Your instructions> Apart from the pictures, reproduce the data below exactly as it stands.

Dataset content>
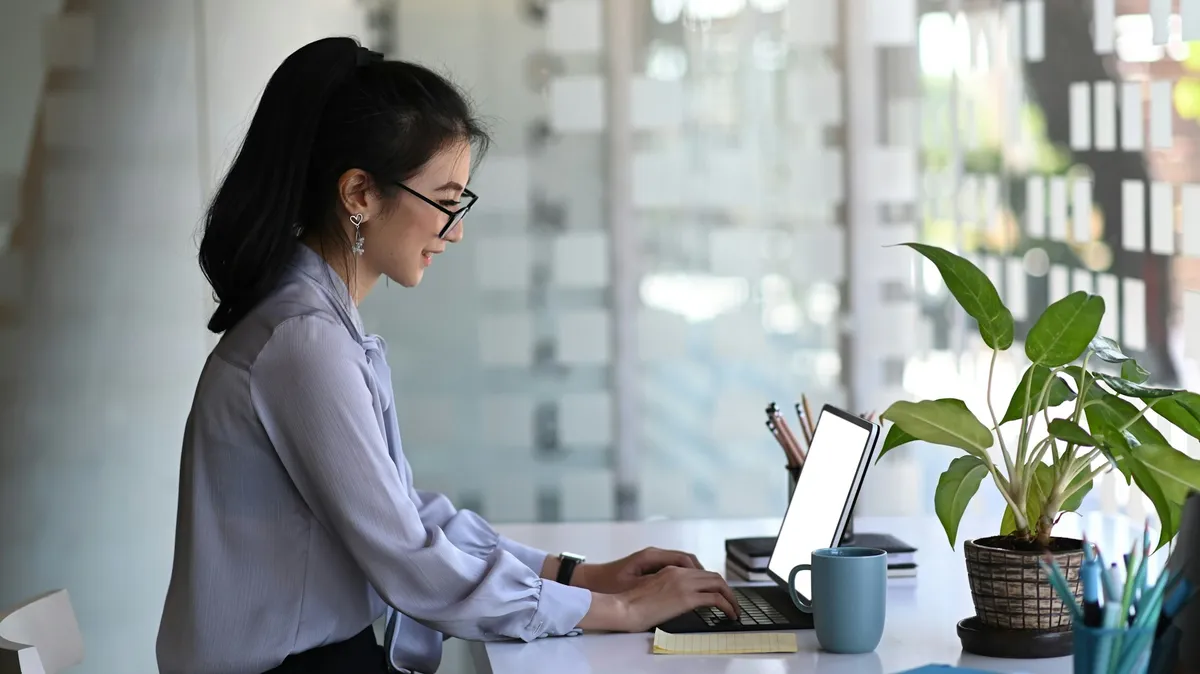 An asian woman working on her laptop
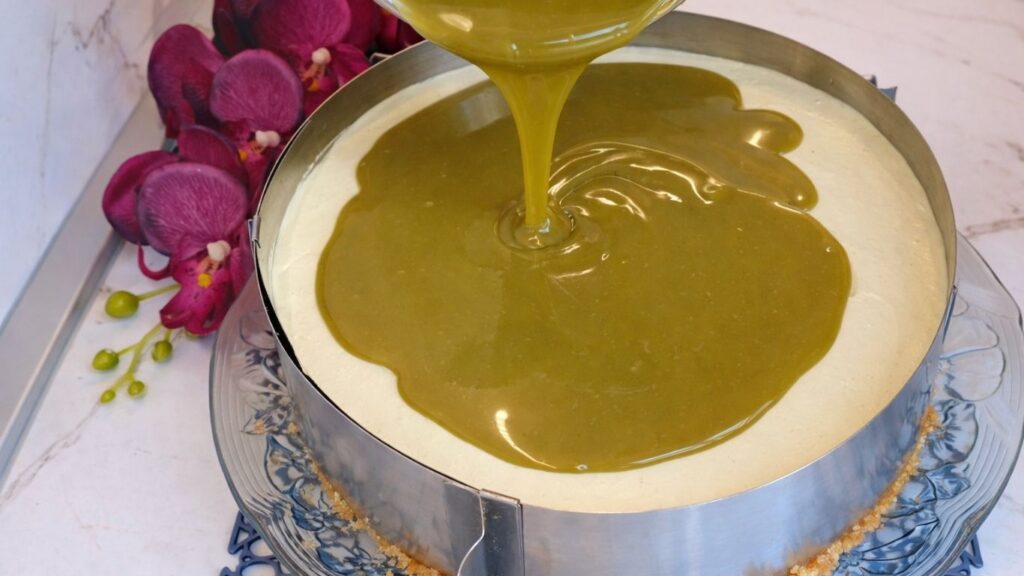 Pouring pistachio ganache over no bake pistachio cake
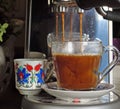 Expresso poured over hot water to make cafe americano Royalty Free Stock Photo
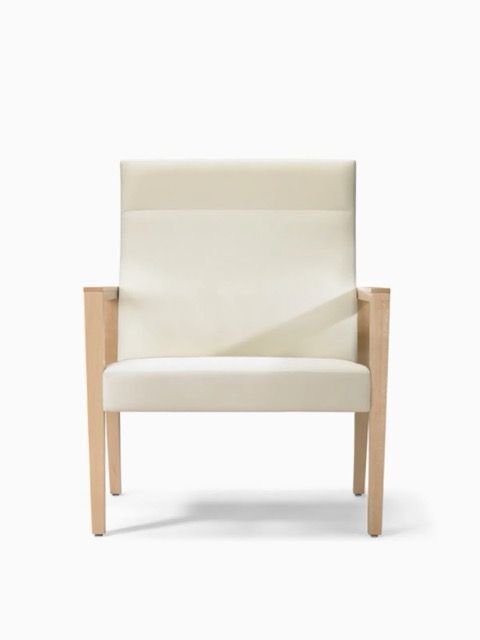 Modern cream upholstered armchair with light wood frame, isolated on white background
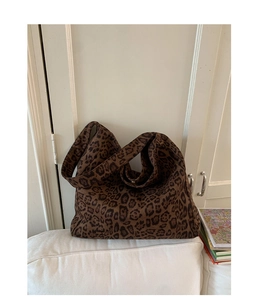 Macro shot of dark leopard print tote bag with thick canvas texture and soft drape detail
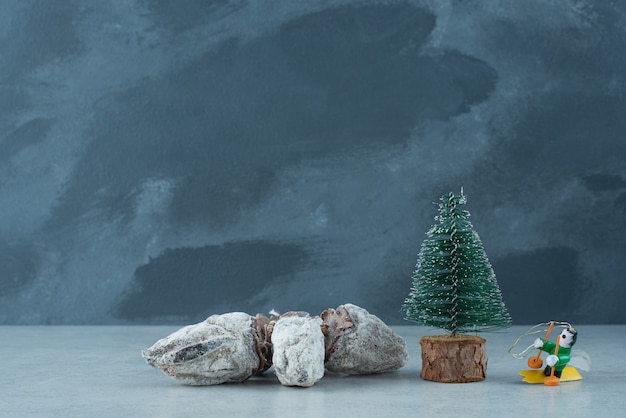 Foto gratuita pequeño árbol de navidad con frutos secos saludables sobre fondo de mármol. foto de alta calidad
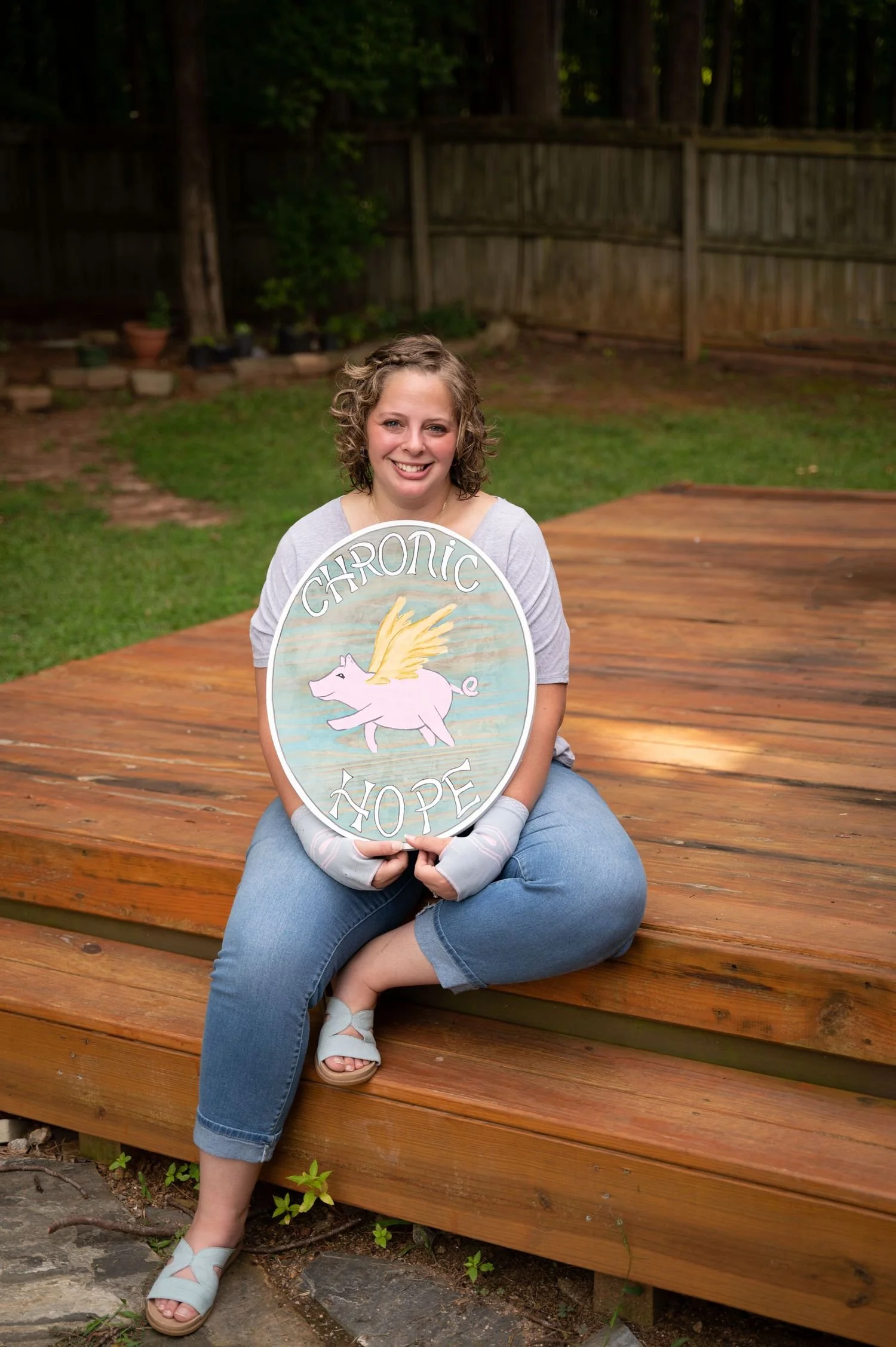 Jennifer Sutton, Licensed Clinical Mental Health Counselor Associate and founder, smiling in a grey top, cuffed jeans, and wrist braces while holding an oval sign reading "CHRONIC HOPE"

Task answer>
 An asian woman working on her laptop
 Pouring pistachio ganache over no bake pistachio cake
 Expresso poured over hot water to make cafe americano Royalty Free Stock Photo
 Modern cream upholstered armchair with light wood frame, isolated on white background
 Macro shot of dark leopard print tote bag with thick canvas texture and soft drape detail
 Foto gratuita pequeño árbol de navidad con frutos secos saludables sobre fondo de mármol. foto de alta calidad
 Jennifer Sutton, Licensed Clinical Mental Health Counselor Associate and founder, smiling in a grey top, cuffed jeans, and wrist braces while holding an oval sign reading "CHRONIC HOPE"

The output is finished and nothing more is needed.